WHAT YOU NEED TO DO =
Using the data below, output a verbatim copy of the lines between the one holding "this 400×225 image." and the one holding "this 1062×795 image.", inclusive, without any pictures.

TASK MATERIAL =
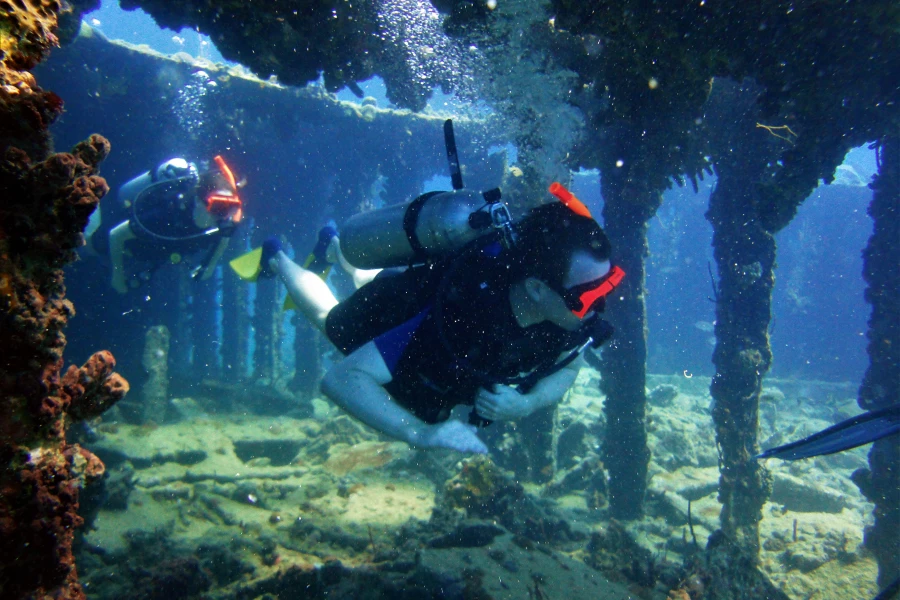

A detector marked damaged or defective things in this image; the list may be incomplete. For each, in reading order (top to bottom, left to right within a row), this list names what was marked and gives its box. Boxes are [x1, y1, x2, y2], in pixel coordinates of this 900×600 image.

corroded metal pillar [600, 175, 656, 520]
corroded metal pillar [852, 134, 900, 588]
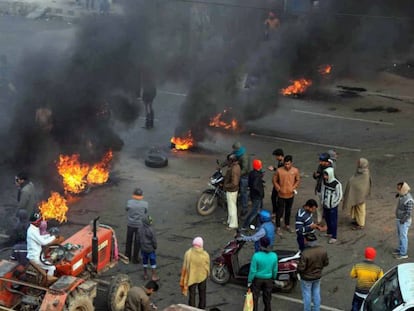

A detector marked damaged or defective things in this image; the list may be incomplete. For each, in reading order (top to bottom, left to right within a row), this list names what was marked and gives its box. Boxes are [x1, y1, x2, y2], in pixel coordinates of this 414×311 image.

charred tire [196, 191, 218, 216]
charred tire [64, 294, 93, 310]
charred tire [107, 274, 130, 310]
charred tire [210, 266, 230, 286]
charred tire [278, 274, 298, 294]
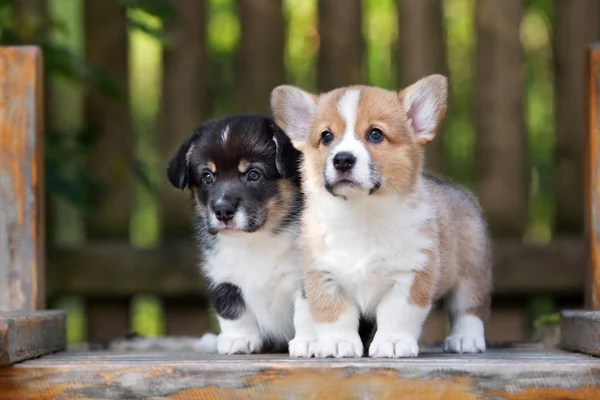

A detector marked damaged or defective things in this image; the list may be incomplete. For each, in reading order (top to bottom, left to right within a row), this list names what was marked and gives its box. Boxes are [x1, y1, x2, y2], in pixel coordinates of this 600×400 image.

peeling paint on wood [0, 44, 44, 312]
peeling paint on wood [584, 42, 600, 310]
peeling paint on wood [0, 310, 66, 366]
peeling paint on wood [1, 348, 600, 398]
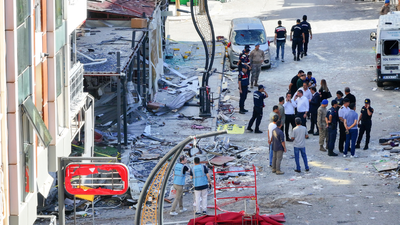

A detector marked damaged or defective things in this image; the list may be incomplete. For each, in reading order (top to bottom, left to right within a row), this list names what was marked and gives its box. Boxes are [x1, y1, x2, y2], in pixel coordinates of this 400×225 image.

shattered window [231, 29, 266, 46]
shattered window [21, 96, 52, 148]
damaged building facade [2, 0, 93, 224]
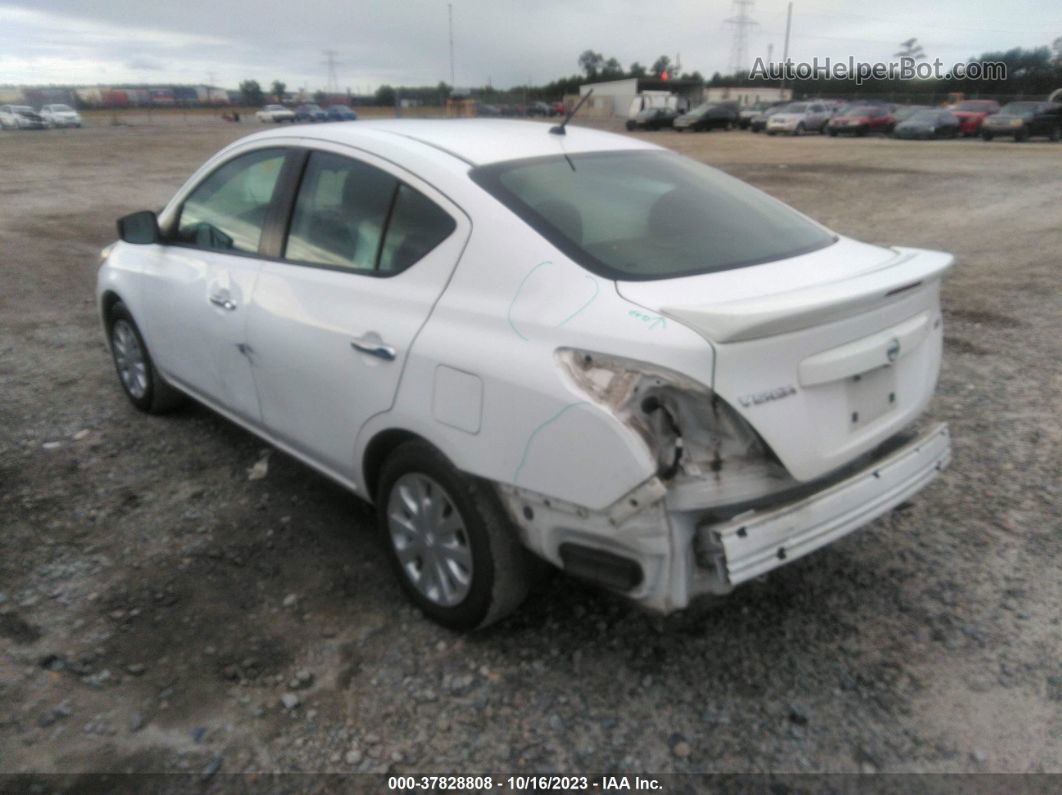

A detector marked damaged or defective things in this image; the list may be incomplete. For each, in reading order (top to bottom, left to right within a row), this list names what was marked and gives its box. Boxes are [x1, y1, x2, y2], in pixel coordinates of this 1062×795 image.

---

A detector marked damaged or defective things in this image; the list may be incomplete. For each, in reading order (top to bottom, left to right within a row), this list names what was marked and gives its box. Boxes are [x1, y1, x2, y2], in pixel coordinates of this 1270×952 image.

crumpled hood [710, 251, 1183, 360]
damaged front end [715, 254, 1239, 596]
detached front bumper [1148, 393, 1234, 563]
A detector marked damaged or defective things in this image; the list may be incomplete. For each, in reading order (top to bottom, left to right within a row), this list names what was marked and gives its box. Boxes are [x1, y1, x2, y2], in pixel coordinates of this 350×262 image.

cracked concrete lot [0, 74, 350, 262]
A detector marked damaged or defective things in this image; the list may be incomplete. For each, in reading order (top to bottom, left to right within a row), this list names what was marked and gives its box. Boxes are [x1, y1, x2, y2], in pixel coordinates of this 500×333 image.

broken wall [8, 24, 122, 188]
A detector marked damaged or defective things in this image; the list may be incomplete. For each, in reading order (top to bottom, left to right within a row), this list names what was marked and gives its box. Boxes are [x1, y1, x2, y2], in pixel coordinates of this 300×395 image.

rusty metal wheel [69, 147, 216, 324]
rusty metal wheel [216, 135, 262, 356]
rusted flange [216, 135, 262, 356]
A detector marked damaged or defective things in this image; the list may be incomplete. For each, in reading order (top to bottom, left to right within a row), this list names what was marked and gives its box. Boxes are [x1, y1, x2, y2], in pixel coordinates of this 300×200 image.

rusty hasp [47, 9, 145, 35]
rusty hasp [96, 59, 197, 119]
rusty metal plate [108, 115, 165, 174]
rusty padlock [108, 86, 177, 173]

SOLVED PROBLEM =
A detector marked damaged or defective things in this image; the list may be incomplete. For each, in reading order (top to bottom, left to right within a row), this list names what was marked and gives its box. Boxes are [x1, y1, x2, y2], in pixel coordinates of this 400×225 image.

shattered window [231, 29, 266, 46]
shattered window [21, 96, 52, 148]
damaged building facade [2, 0, 93, 224]

A detector marked damaged or defective things in this image; the list may be incomplete. For each, in reading order (top to bottom, left to right within a row), this list names what was marked and gives its box. Boxes are [x1, y1, x2, y2], in pixel coordinates of this 1062×795 image.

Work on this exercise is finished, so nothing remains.